There are wage limits as well as asset limits that affect recipients of Supplemental Security Income (SSI). First we’ll look at the wage limits: In California, the maximum amount of money a person on SSI is allowed to earn is $1180.00 per month. As of 2018 if a person earns an income of more than $1180 a month, that person will not receive an SSI check. The person may also be determined to be no longer disabled.
If the individual works, the federal government reduces their SSI payment based on their earnings. They will receive a reduced SSI check along with their paycheck. In the end, after all of the deductions and restrictions, the individual’s financial situation will not have improved, or will improve only slightly. They will still have an income that is very near the poverty line.
Individuals with disabilities are also hampered by the rules in their ability to save money. For example, if an individual saves in order to improve their situation, if they hold more than $2,000, they risk losing their benefits. Financial gifts are also considered income, and will reduce or eliminate the SSI payment.

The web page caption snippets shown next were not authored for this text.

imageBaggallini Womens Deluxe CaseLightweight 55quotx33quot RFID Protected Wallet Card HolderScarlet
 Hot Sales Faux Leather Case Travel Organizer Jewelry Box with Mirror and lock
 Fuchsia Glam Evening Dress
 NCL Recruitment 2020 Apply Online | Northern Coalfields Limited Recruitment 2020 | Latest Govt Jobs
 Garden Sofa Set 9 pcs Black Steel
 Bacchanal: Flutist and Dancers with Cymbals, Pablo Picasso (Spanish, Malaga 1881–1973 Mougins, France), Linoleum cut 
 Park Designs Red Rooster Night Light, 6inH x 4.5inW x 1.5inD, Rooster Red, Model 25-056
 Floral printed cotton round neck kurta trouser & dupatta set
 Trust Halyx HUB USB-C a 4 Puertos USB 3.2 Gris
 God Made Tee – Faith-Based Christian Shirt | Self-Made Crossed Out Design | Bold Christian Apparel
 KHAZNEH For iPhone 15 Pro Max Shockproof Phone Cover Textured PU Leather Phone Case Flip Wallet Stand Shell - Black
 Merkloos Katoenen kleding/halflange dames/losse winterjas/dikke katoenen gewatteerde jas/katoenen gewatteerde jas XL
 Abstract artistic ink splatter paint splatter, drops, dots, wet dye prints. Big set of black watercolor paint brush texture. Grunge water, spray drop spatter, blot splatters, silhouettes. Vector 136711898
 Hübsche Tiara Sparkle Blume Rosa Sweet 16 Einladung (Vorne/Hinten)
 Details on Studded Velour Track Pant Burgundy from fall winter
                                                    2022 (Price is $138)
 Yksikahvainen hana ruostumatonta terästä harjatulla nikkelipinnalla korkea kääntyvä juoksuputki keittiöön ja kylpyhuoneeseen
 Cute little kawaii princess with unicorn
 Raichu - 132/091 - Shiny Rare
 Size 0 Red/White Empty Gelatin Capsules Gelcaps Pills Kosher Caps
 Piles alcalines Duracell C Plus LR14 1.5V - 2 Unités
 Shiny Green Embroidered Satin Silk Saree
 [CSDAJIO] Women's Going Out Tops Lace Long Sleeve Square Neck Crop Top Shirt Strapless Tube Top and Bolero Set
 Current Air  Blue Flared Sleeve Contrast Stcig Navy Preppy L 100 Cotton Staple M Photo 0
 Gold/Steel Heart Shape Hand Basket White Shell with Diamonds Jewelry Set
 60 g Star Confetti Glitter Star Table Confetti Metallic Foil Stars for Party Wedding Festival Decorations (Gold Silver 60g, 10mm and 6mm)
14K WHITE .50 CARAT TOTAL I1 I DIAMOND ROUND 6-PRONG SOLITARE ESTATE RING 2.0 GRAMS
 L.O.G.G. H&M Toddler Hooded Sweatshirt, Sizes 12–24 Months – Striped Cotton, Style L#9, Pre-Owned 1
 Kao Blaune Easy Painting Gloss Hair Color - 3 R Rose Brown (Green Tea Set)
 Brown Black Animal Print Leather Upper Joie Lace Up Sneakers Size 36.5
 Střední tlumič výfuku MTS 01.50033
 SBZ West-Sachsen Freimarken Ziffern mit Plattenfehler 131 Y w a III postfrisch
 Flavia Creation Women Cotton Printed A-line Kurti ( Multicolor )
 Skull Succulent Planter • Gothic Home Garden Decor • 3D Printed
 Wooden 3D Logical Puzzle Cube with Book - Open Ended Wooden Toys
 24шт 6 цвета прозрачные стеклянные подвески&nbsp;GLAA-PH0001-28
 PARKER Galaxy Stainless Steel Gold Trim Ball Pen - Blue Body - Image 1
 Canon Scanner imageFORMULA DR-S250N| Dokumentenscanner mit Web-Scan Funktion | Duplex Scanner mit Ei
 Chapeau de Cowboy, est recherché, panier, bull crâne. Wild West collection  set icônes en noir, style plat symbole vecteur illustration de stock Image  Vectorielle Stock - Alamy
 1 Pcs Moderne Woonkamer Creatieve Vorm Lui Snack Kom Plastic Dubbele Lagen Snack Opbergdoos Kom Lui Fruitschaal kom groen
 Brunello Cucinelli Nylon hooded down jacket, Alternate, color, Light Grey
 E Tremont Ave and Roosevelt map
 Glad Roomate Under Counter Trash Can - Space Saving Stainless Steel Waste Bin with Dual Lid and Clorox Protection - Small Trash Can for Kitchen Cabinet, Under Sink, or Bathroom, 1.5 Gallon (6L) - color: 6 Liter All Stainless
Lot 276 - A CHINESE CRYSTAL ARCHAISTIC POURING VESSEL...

With these facts in mind, we can see that there is need for improvement in the SSI rules and the ADA. Currently, individuals with disabilities have little financial incentive in seeking employment, and they risk losing their benefits completely.
Nonetheless, millions of individuals with disabilities are seeking employment and are very worthy and capable being employed. It’s clear that employment brings benefits over and above the financial one for both the individual and the employer.
We look forward to changing laws, and finding ways for individuals with disabilities to lift themselves up out of poverty through employment, and do so without losing their SSI benefits.